What to do
Only the lines from the start of the data to the line containing "Certified 2025 Chevrolet Equinox LT image 19", both included, should be output, exactly and without pictures.

START Data supplied

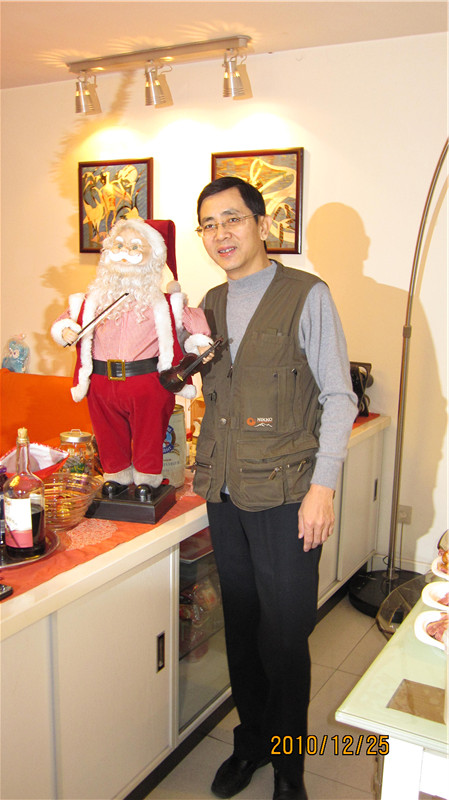 与圣诞老人合影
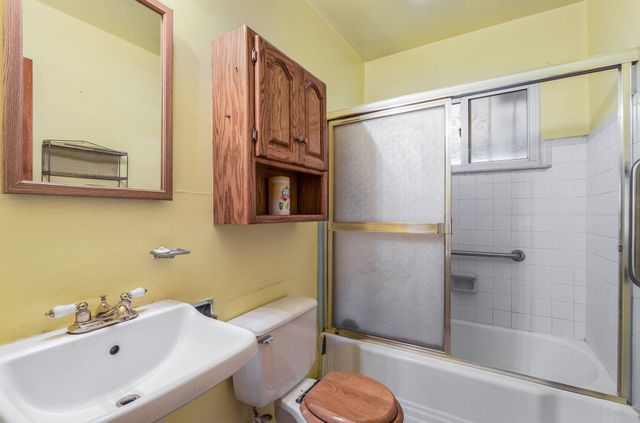 935 Manzano Street NE, Albuquerque, NM 87110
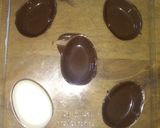 Foto del paso 2 de la receta: Huevos de Pascua y chupetines de chocolate 🍫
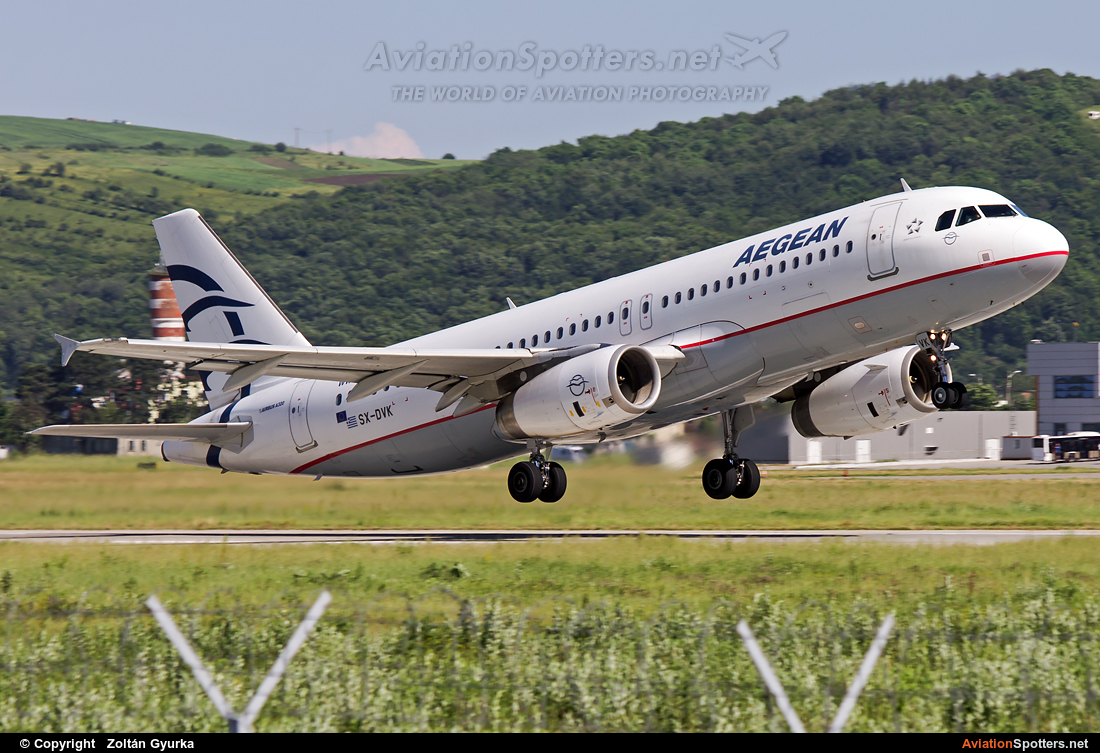 Aegean Airlines  -  A320-232  (SX-DVK) By Zoltán Gyurka (Zoltan97)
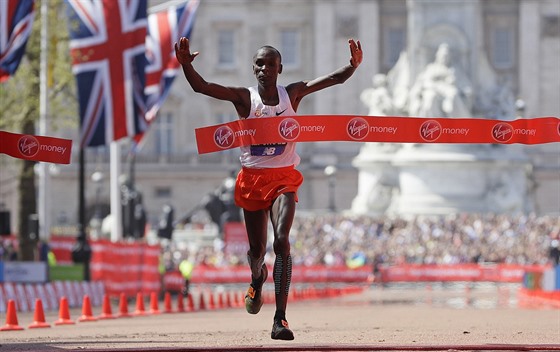 Eliud Kipchoge pi svém tetím triumfu v Londýnském maratonu.
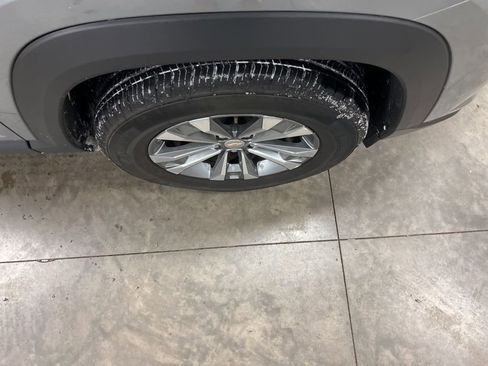 Certified 2025 Chevrolet Equinox LT image 19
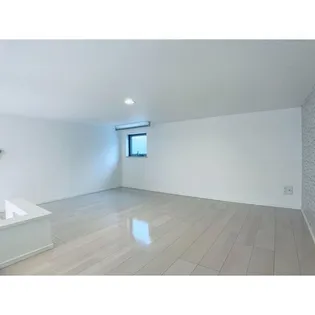 ルシエルメゾネット志賀本通【202号室】の居間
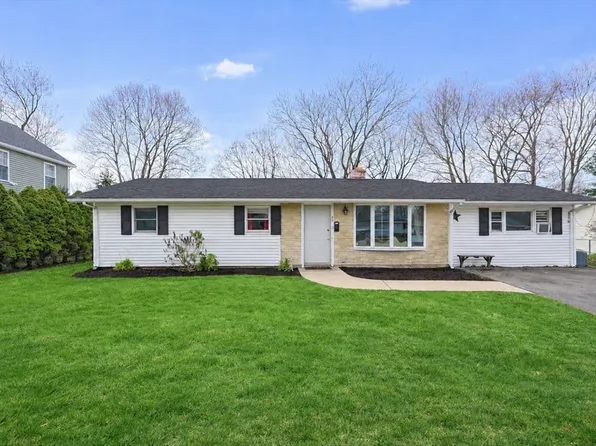 39 Marion St, Holbrook, MA 02343
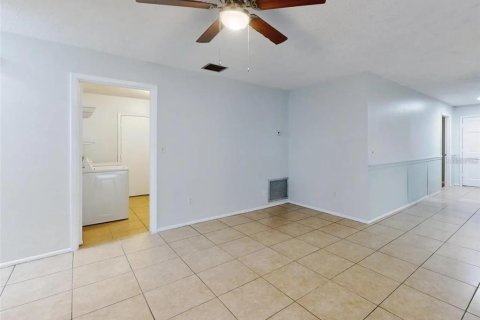 Casa en venta en Deltona, Florida, 4 dormitorios, 178.65 m2 № 2352371 - foto 16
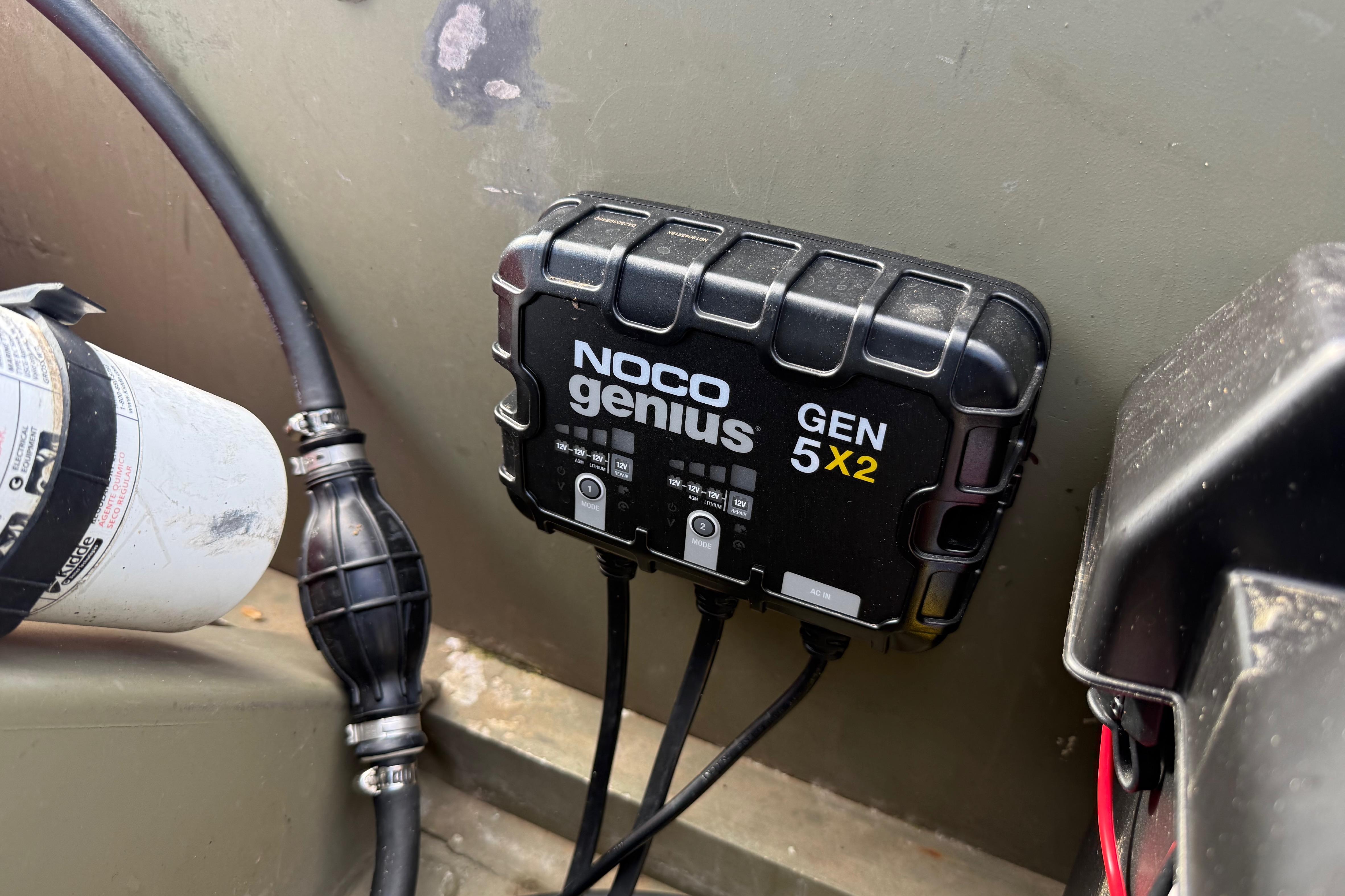 NOCO Genius GEN 5X2 charger installed on a 2020 Lowe Roughneck 2070 Big River boat.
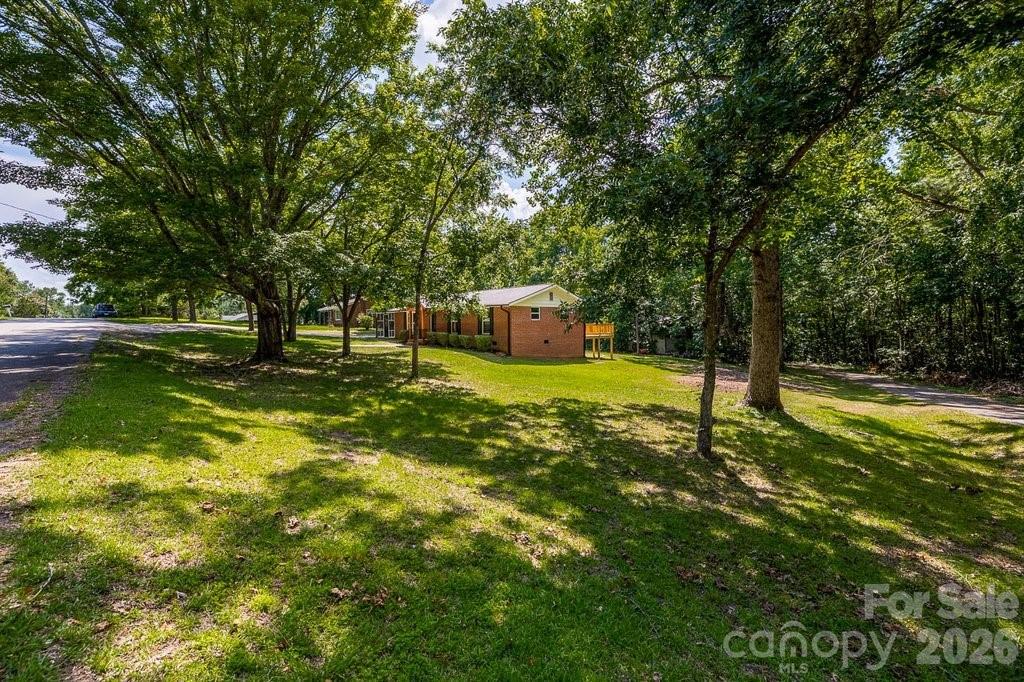 139 E Forest Drive Property Photo 6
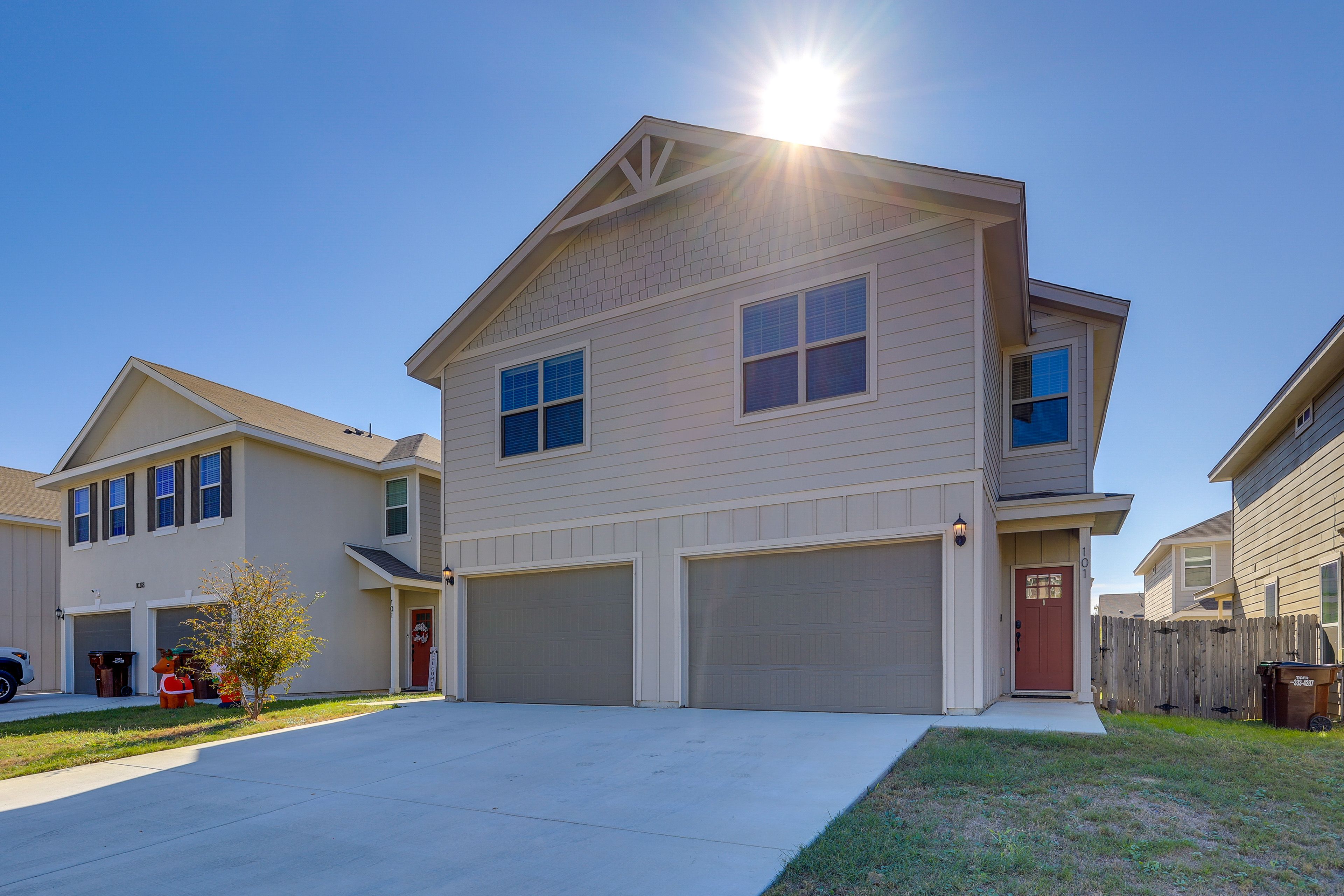 Parking | Driveway (2 Vehicles) | Garage (1 Vehicle) | Free Street Parking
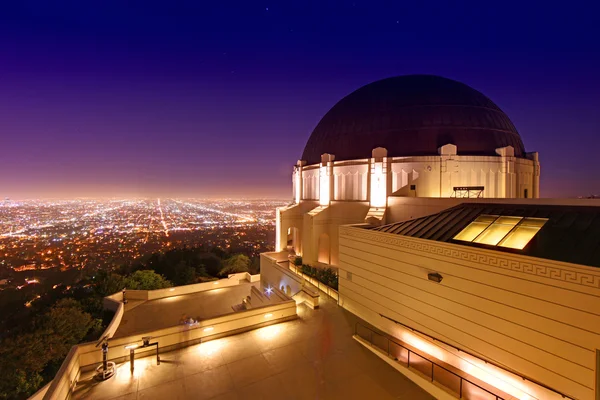 Орієнтир Гріффіт обсерваторії в Лос-Анджелесі, штат Каліфорнія — стокове фото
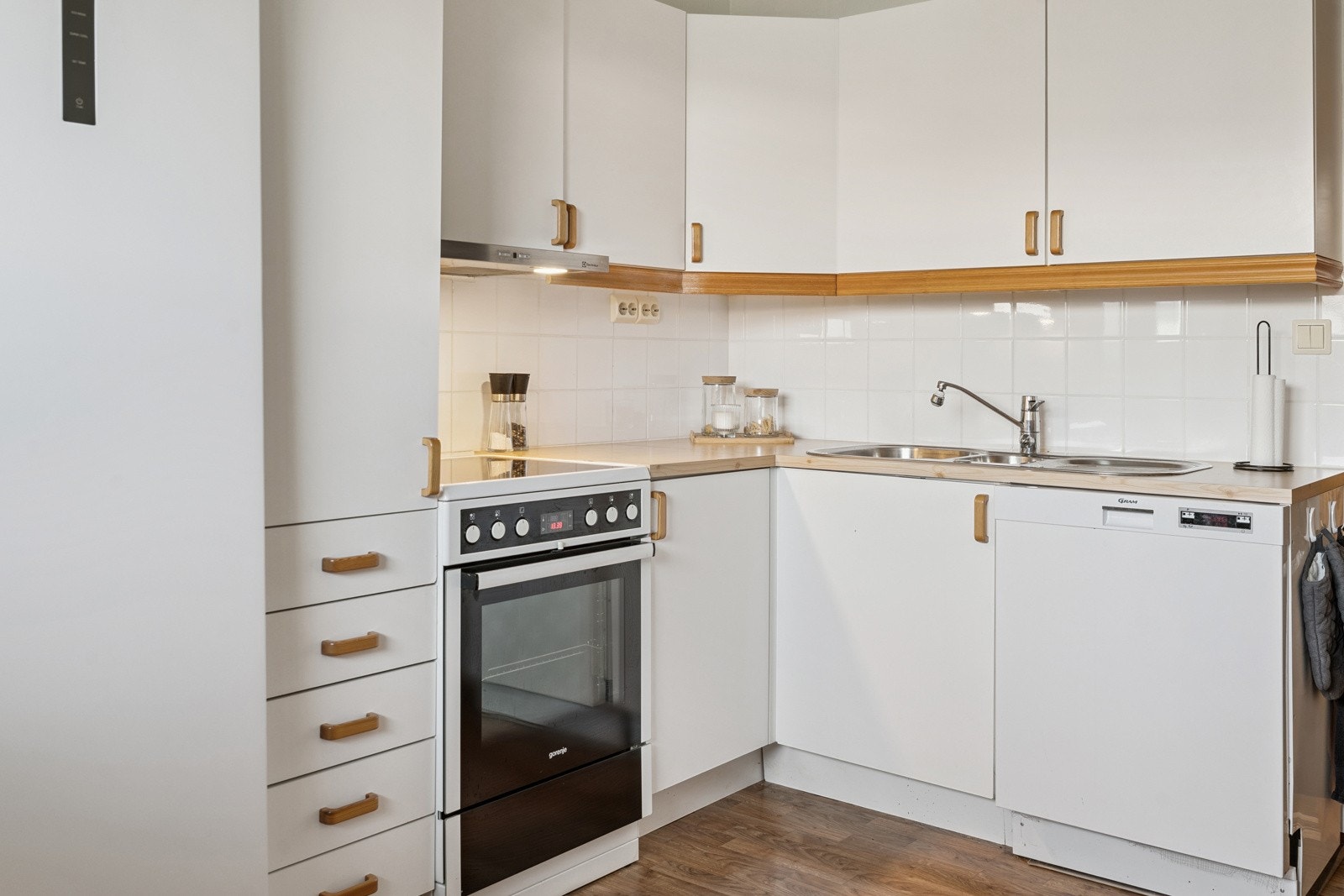 Opplegg for komfyr, oppvaskmaskin og kjøle-/fryseskap. Galleribilde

END Data supplied

Solution below
 与圣诞老人合影
 935 Manzano Street NE, Albuquerque, NM 87110
 Foto del paso 2 de la receta: Huevos de Pascua y chupetines de chocolate 🍫
 Aegean Airlines  -  A320-232  (SX-DVK) By Zoltán Gyurka (Zoltan97)
 Eliud Kipchoge pi svém tetím triumfu v Londýnském maratonu.
 Certified 2025 Chevrolet Equinox LT image 19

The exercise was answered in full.